There’s a truth, however, that the security vendors know but most security practitioners and decision makers aren’t quite wise to yet. Much of the research vendors present in reports and marking brochures isn’t rooted in any defensible, scientific method. It’s an intentional appeal to fear, designed to create enough self-doubt to make you buy their solution.
This is how it’s being done:
- Most vendor reports are based on surveys, also known as polls
- Most of the surveys presented by security vendors ignore the science behind surveys, which is based on statistics and mathematics
- Instead of using statistically significant survey methods, many reports use dubious approaches designed to lead the reader down a predetermined path
This isn’t exactly new. Advertisers have consumer manipulation down to an art form and have been doing it for decades. Security vendors, however, should be held to a higher standard due to fact that the whole field is based on trust and credibility. Many vendor reports are presented as security research and not advertisements.
What’s a survey?
A survey is a poll. Pollsters ask a small group of people a question, such as “In the last year, how many of your security incidents have been caused by insiders?” The results are extrapolated to apply it to a general population. For example, IBM conducted a survey that found that 59% of CISO’s experienced cyber incidents in which the attackers could defeat their defenses. The company that conducted the survey didn’t poll all CISO’s — they polled a sample of CISO’s and extrapolated a generality about the entire population of CISO’s.
This type of sampling and extrapolation is completely acceptable to do, if the survey adheres to established methodologies in survey science. Doing so makes the survey statistically significant; not doing it puts the validity of the results in question.
All surveys have some sort of error and bias. However, a good survey will attempt to control for this by doing the following:
- Use established survey science methods to reduce the errors and bias
- Disclose the errors and bias to the readers
- Disclose the methodology used to conduce the survey
- A good survey will also publish the raw data for peer review
Why you should care about statistically sound surveys
Surveys are everywhere in security. They are found in cute infographics, annual reports, journal articles and academic papers. Security professionals take these reports and read them, learn from them, quote them in steering committee meetings or to senior executives when they ask questions. Managers often ask security analysts to quantify risk with data — the easiest way is to find a related survey. We rely on the data to enable our firms to make risk-aware business decisions.

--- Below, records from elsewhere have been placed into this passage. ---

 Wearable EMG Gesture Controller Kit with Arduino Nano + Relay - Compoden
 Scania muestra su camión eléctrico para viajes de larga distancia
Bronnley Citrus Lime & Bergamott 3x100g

When you tell your Board of Directors that 43% of all data breaches are caused by internal actors, you’d better be right. The data you are using must be statistically significant and rooted in fact. If you are quoting vendor FUD or some marking brochure that’s disconnected from reality, your credibility is at stake. We are trusted advisors and everything we say must be defensible.
What makes a good survey
Everyone has seen a survey. Election and public opinion polls seem simple on the surface, but it’s very hard to do correctly. The science behind surveys are rooted in math and statistics; when the survey is, it’s statistically significant.

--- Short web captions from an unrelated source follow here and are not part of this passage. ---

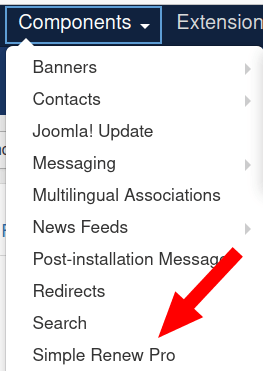 go to components simple renew pro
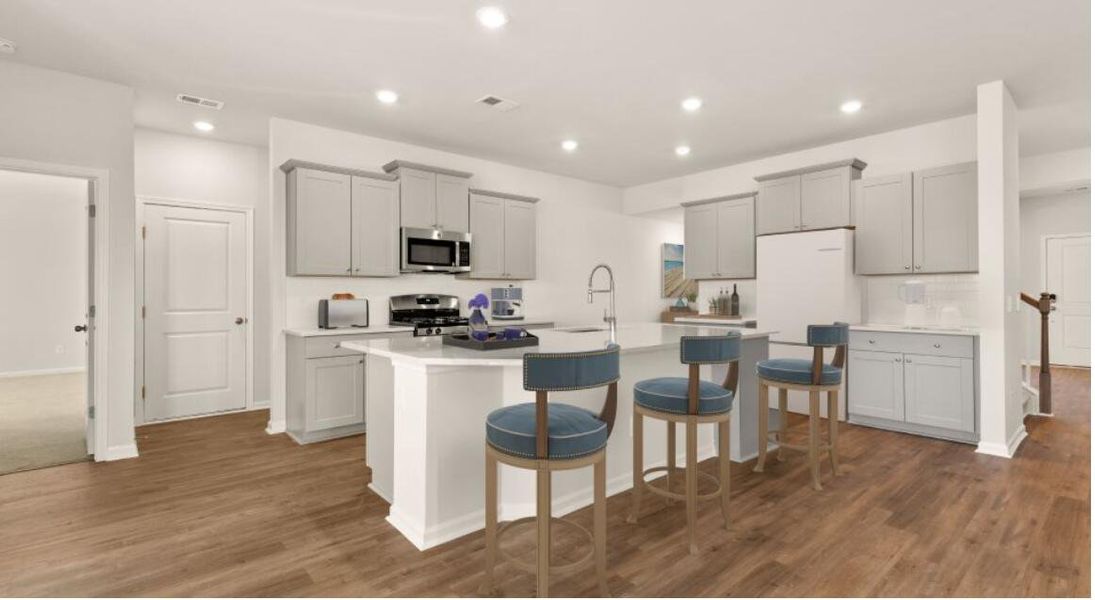 Furnished interior view inside a new home in , Summerville (Image 4).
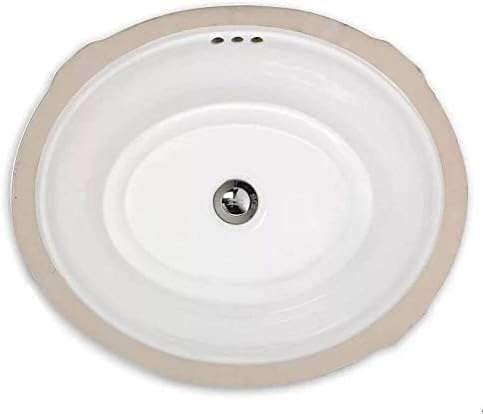Miniatura 2 de American Standard 0484000.020 American Standard 0484.000 Estate 19-18" Fregadero de baño de arcilla refractaria con desbordamiento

There are four main components of a statistically significant survey:
This is a critical first step. What is the group that is being studied? How big is the group? An example would be “CISO’s” or “Information Security decision makers.”

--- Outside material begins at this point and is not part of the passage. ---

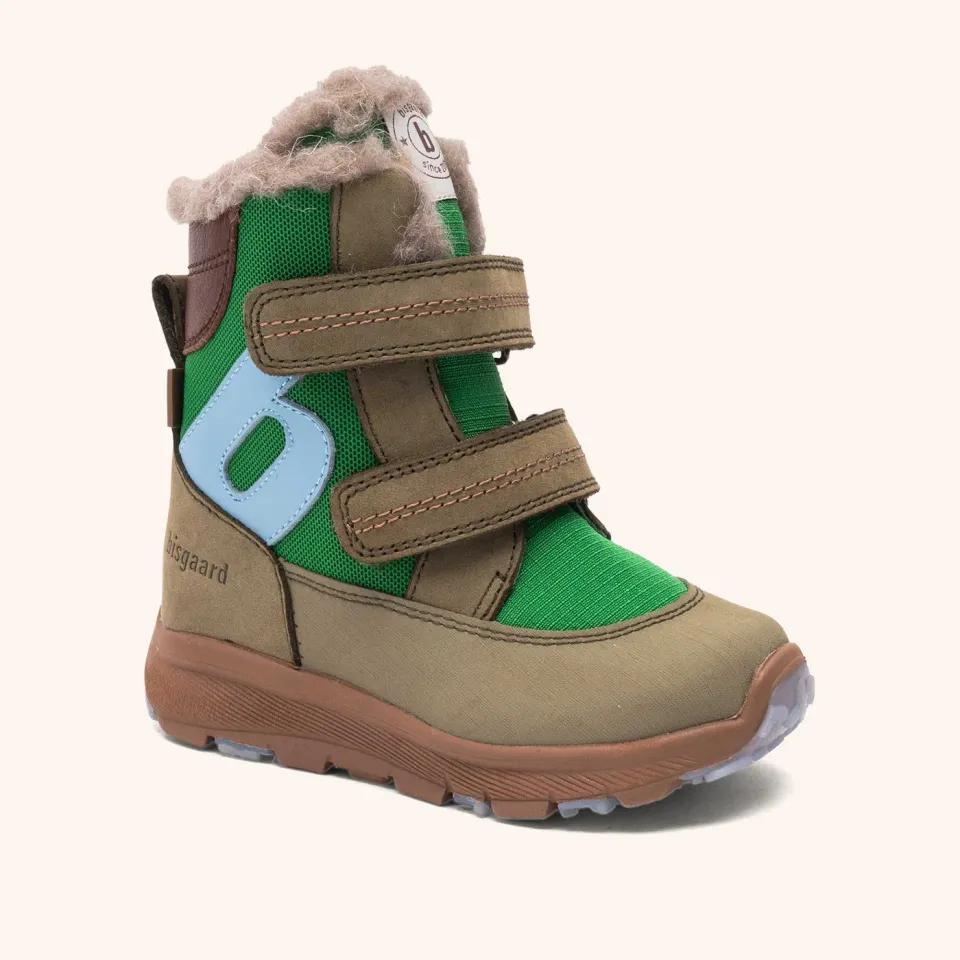 Bisgaard Spencer Tex vinterstøvle vibrant green uld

The size of the group you are surveying. It’s usually not possible to study an entire population, so a sample is chosen. A good survey taker will do all they can to ensure the sample size is as representative as the general population as possible. More importantly, the sample size needs to be randomly selected.
Also known as the margin of error; (e.g. +/-); larger the sample size, the lower the margin of error.
The questions themselves are crafted by a neutral professional trained in survey science. Otherwise, it is very easy to craft biased questions that lead the responder to answer in a certain way.
What makes a bad survey?
A survey will lose credibility as it uses less and less of the above components. There are many ways a survey could be bad, but here are the biggest red flags:
- No disclosure of polling methodology
- No disclosure of the company that conducted the poll
- The polling methodology is disclosed, but no effort was made to make it random or representative of the population (online polls have this problem)
- Survey takers are compensated (people will say anything for money)
- Margin of error not stated
Be skeptical of vendor claims. Check for yourself and read the fine print. When you stroll the vendor halls at RSA or Blackhat and a vendor makes some outrageous claim about an imminent threat, dig deeper. Ask hard questions. We can slowly turn the ship away from FUD and closer to fact and evidence-based research.
And if you’re a vendor — think about using reputable research firms to perform your surveys.